Das lässt hoffen und wir werden auch nicht enttäuscht.

Im Text heisst es:

Lieb,

Bin ich Herr. J.Goodman, sind ein Eingeborener
von Kapstadt in Südafrika und in mir ein Executivbuchhalter
mit der Südafrikaabteilung des Bergbaus u. Naturresourcen.

Geht ja gut los. Besonders die Anrede gefällt mir: "Lieb," Klar!

Weiter heisst es:

Seien Sie informiert, daß gab einMitglied des Südafrika-Ausfuhr-
förderungrates (SEPC) der an der Regierungsdelegation zu Ihrem Land während
einer Geschäftsausstellung war, mir Ihr enviable credentials/particulars.


Ach ja. So so.

Ich habe entschieden, eine vertrauliche Mitarbeit mit Ihnen
in der Durchführung des Abkommens zu suchen, das nachstehend
zugunsten aller Beteiligten beschrieben wird und Sie zu hoffen
hält es als oberes Geheimnis wegen der Natur dieser Verhandlung.

Das fing ja an sich fast sinnvoll an: "Ich habe entschieden... ." Leider verliert der Satz dann am Ende etwas an Drive.

Der nächste Satz lautet:

Innerhalb der Abteilung des Bergbaus u. der Naturresourcen,
in denen ich als Executivbuchhalter und mit der Mitarbeit von
vier anderen oberen Beamten arbeite, haben wir in unserem Besitz
als überfällige vorgelegte Wechsel, die achtzehn - Million,
drei hundert tausend US-Dollar zusammenzählen, die wir mit
der Unterstützung und der Mitarbeit eines fremden company/individual
auswärts bringen möchten, die besagte Kapital in unserem
Interesse oder in einem zuverlässigen fremden Nichtfirmakonto
zu empfangen, um solche Kapital zu empfangen.

Doch doch, das ist ein Satz!

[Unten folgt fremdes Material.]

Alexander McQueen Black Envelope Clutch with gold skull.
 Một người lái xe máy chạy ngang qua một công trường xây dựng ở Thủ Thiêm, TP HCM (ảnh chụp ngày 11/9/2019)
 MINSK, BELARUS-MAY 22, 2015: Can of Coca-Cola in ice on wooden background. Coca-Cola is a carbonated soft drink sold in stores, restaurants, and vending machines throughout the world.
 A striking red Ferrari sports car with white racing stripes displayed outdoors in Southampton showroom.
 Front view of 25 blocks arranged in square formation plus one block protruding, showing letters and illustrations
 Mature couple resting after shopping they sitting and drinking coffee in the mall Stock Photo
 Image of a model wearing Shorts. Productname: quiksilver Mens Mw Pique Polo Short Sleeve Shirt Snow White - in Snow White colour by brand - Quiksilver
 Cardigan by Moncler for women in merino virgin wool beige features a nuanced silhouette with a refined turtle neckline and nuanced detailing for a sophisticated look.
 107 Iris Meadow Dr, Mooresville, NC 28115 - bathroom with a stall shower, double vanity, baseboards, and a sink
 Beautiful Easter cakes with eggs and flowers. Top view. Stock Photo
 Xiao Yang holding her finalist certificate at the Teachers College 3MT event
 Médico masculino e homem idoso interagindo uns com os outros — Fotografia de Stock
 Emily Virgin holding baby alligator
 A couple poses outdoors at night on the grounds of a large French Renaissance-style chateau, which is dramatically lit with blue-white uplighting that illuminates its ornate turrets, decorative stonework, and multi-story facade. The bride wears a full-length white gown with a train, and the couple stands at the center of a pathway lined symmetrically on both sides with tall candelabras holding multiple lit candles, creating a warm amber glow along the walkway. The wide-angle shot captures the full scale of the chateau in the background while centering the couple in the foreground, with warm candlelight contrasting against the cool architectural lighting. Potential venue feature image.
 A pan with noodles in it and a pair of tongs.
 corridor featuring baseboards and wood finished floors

Die deutsche Eigenheit, durch verschachtelte Nebensätze endlose Lindwürmer schaffen zu können, beherrscht der Schreiber also durchaus.
Na ja, die Kernaussage haben wir auch verstanden: Irgendeine grosse Summe eben. Aber Moment mal...
nur 18 Millionen Dollar? Also ca. 6,5 Millionen Euro? Das lohnt sich doch gar nicht! Ich sehe ein, dass es das Problem der Nigeriaconnection ist, eine feine Balance zwischen Gier und Glaubwürdigkeit zu finden. aber 6 Millionen Euro? Ich bitte Euch! Leute, wenn wir das 50/50 teilen sind das doch nur 2 Millionen für jeden!
Das lohnt nun wirklich nicht!

Oder um es mit Eurer Sprache zu sagen:

Ich hinweisen mir erlauben, das Gesamtsumme ist sich mir niedrigerscheinen zu. Betrug nicht Aufwand, welches verursachen Valuable.

Weiter heisst es dann auch:

Ihr Anteil der Summe 15% von sind (achtzehn - Million, dreihundert tausend US Dollars). 80% für uns und 5% für Besteuerung und Verschiedene Unkosten.

Ach ich bekomme nur 15%? Das sind dann ja gerade mal 7000 Euro!
Also Leute!

ICH BITTE EUCH!



Das ist ja wohl nun die lausigste Nigeria-Kacke, die ich je gesehen habe! Gute Güte.